◆ TASK REQUIREMENTS ◆
Would you return the lines between the one holding "Promo Virtual Bingo" and the one holding "Beach, NC 28468", inclusive, and only those, exactly as they stand in the listing below?

[THE DATA Boundary: Start]

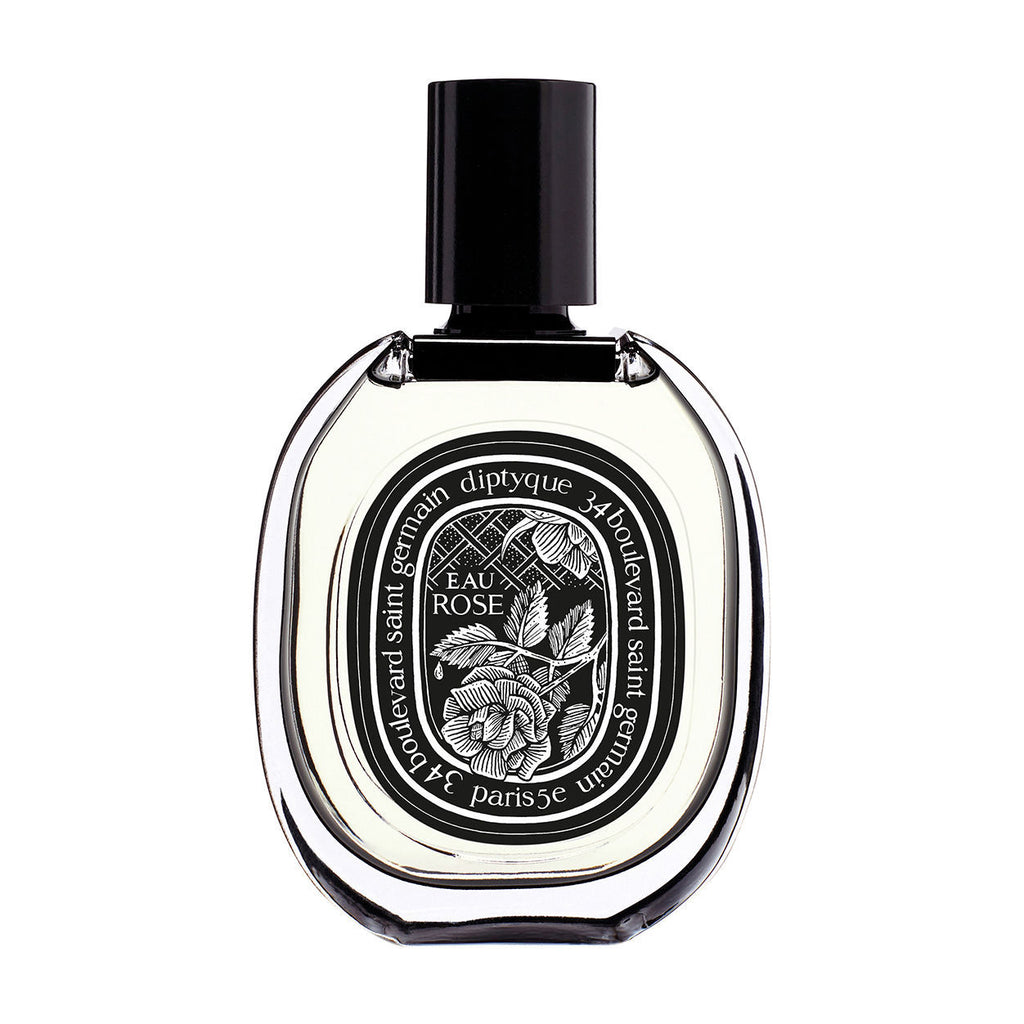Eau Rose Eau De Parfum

[THE DATA Boundary: End]
[THE DATA Boundary: Start]

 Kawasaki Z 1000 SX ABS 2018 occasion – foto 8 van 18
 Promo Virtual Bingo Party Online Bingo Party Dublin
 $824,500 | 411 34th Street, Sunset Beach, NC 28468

[THE DATA Boundary: End]

◆ SOLUTION ◆
 Promo Virtual Bingo Party Online Bingo Party Dublin
 $824,500 | 411 34th Street, Sunset Beach, NC 28468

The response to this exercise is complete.